One of the keys to surviving Art Basel week in Miami Beach is taking advantage of the Atlantic Ocean, and artists Rirkrit Tiravanija and Tomas Vu found the perfect way to bring the experience of art and surf together this year in a joint work titled DO WE DREAM UNDER THE SAME SKY. Billed as a "surf inspired participatory installation," they're offering custom-designed surfboards for UNTITLED visitors to get out into the water.
This reporter got a quick lesson on Thursday afternoon from the fair's programming associate, the Hawaiian-born Kea Duarte. She graciously offered instructions while Vu watched from the sand. Tiravanija had bailed, pleading ill health.

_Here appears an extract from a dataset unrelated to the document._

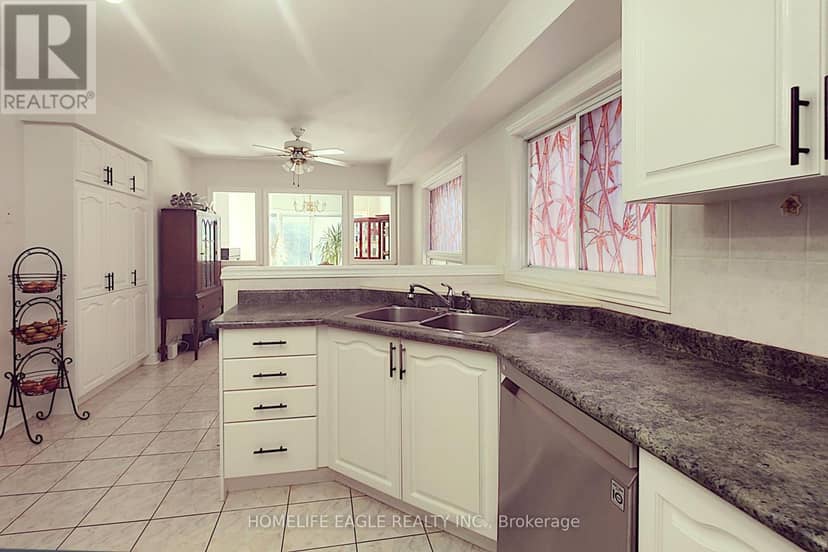 12 Indigo Street — photo 7 of 31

It was just my second time even touching a surfboard, and while I didn't exactly hang ten, I made a little progress.
My board was inspired by an image of a balaclava-clad member of Russian punk band Pussy Riot, while, on the underside, there appears the message "fear eats the soul," from the 1974 Rainer Werner Fassbinder film of the same name (it is also a title of Tiravanija's 2011 exhibition at Gavin Brown's Enterprise). The film deals with xenophobia, making it a perfect statement for the waves of far right-wing sentiments that have swept ashore this year, from the May elections in the Philippines to post-election America.
Also on offer are T shirts for $20, printed by Columbia University students (both artists teach there), silkscreened with images of icons like Ana Mendieta, Joseph Beuys, and David Bowie. They are printed with slogans from various writers, like "up against the wall motherfuckers" (Amiri Baraka) and "the days of this society is numbered" (Guy Debord).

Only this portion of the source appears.